The only real winner from the Howard trade (other than Mozgov who gets to remind himself he’s paid nearly as much as a former three-time Defensive Player of the Year) was the Nets. The Nets were able to unload two years of the Mozgov deal onto Charlotte, and finalizing a buyout with Howard ensured their long-term cap flexibility. For a team that hasn’t had their own draft pick since a reality television star became the President, the Nets made a slew of good moves over the past month to improve their future.

Taking on Kenneth Faried’s contract is worth the first-round pick they received from Denver in return (and Faried isn’t unplayable, even if the Nuggets made it seem so). Shabazz Napier and Joe Harris are both good players that they got on reasonable deals. 2018 draftees Dzanan Musa (29th) and Hamidou Diallo (45th) could have each went about 10 picks higher than they did. Overall, the team is more talented and better equipped for the long haul than they were entering the offseason.

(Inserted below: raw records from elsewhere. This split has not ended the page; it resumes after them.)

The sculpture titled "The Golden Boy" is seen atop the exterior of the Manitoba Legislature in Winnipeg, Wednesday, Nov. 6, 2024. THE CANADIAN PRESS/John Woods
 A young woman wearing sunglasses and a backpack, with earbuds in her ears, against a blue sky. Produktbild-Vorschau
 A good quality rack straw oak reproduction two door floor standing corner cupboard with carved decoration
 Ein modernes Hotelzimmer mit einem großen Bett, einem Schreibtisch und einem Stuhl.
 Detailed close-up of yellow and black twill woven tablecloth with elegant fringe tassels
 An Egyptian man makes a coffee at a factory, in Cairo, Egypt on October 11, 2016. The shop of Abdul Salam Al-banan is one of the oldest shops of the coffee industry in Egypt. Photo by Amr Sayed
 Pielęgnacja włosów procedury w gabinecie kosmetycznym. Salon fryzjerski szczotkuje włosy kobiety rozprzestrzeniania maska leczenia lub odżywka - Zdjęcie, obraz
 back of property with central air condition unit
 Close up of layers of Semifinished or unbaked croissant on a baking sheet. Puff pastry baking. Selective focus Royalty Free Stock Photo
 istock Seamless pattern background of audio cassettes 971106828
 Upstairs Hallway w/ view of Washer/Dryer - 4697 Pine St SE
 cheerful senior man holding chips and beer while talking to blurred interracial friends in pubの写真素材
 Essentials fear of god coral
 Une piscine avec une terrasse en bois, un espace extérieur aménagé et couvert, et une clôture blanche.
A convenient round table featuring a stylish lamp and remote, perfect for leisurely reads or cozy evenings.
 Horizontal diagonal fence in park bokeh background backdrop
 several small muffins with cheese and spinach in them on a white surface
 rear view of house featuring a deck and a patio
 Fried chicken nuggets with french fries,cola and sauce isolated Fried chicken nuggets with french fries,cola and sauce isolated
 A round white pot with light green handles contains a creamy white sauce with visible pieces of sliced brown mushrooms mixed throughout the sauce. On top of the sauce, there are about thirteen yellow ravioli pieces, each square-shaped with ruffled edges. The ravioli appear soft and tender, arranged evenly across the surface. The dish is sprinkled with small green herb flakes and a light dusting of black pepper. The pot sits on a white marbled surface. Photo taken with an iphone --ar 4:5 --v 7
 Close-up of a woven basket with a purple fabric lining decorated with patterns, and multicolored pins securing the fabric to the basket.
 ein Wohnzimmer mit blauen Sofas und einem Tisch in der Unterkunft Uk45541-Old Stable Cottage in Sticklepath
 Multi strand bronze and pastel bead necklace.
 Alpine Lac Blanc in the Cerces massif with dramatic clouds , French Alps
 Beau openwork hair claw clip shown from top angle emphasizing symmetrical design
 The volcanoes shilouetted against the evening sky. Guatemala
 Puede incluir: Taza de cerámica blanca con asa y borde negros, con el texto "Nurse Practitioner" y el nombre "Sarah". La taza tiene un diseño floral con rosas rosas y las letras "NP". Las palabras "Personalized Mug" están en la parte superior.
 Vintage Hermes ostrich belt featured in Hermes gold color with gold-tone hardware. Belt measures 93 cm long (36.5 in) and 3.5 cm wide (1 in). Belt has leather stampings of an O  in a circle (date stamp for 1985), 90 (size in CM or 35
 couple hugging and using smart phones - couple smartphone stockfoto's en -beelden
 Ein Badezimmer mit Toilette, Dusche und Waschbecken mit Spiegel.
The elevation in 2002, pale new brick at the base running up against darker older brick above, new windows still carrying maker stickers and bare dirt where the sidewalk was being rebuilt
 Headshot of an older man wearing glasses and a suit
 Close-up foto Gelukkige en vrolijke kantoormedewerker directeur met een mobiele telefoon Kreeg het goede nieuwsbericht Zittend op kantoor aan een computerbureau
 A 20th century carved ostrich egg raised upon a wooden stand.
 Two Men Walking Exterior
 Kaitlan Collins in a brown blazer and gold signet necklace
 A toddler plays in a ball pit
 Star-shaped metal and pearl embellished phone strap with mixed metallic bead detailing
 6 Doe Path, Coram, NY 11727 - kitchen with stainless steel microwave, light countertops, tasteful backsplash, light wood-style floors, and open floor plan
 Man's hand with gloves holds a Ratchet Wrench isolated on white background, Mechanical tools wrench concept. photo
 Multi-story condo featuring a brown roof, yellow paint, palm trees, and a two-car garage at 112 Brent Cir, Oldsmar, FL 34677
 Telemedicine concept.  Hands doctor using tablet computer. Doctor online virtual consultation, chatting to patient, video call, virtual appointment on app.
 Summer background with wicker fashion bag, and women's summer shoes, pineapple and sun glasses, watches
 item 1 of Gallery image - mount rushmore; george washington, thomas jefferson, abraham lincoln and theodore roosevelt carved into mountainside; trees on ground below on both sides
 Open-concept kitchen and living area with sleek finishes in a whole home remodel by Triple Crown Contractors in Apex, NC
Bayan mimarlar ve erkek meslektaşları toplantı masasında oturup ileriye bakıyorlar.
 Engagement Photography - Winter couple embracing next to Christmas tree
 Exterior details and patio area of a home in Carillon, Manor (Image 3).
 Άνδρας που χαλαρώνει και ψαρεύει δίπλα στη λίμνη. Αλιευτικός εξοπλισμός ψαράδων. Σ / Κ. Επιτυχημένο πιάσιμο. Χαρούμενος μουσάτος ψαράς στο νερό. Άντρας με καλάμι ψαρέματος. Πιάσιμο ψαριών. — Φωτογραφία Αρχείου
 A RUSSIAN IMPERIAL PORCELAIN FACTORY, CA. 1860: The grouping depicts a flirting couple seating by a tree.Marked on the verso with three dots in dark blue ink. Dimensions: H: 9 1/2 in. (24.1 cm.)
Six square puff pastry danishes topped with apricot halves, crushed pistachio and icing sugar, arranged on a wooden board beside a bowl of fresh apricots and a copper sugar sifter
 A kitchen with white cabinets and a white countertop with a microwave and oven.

Highest Upside Move — Kawhi/DeMar Trade

San Antonio won 47 games last year, and will be adding DeMar DeRozan. Toronto is coming off a 59-win season, and will be swapping DeRozan for a superior player in Kawhi Leonard.

Now, that doesn’t necessarily mean both teams will increase their win total next year. The Spurs are the more likely of the two, after failing to win 50+ games for the first time since Tim Duncan left Wake Forest. San Antonio’s starting lineup will be a funky fit, as DeRozan, Rudy Gay, and LaMarcus Aldridge are hardly prototypical Spurs-type players. Gregg Popovich will extend DeRozan’s range a bit, and should eventually get the former Raptors star to buy-in on the defensive end. If DeRozan becomes even an average defender, he’ll make a claim for being one of the 10 best players in the league.

Toronto’s situation is a bit cloudier. DeRozan represented continuity in the Raptors’ organization. He’s the only star in franchise history that actually wanted to play there. He and Kyle Lowry shared the league’s best bromance, and we’re unsure how the 32-year-old Lowry will react to his friend being traded away. But this is Kawhi Leonard we’re talking about. When healthy, he’s one of the five best players in the world. He’s more efficient than DeRozan, and is arguably the best perimeter defender the league has ever seen. Besting 59 wins is a tall task, but the Raptors can still be an improved team, even if it doesn’t show up in the standings.

Best Value Trade — Thunder Flip Carmelo for Dennis Schröder

James Harden and Victor Oladipo blossoming into bona fide superstars shouldn’t take away from the fact that Sam Presti is an absolute wizard when it comes to trading. His timing for extracting optimal value is virtually unparalleled. He’s consistently thinking a few steps ahead, as evidenced by the Reggie Jackson deal in 2014. He traded a disgruntled Jackson to Detroit for Enes Kanter. Presti then flipped Kanter (and Dougie McBuckets) for Carmelo Freaking Anthony. When the Anthony experiment didn’t work quite right, he sent the overpaid former superstar to Atlanta for a 24-year-old guard that just averaged 20 points and six assists per game.

Schröder will help in Oklahoma City’s efforts to avoid being a complete dumpster fire when Russell Westbrook rests. He’s athletically gifted, offensively capable, and is already the best backup point guard in basketball. If the addition of Schröder also means Westbrook will start playing off-the-ball more, it’s a total coup for the Thunder.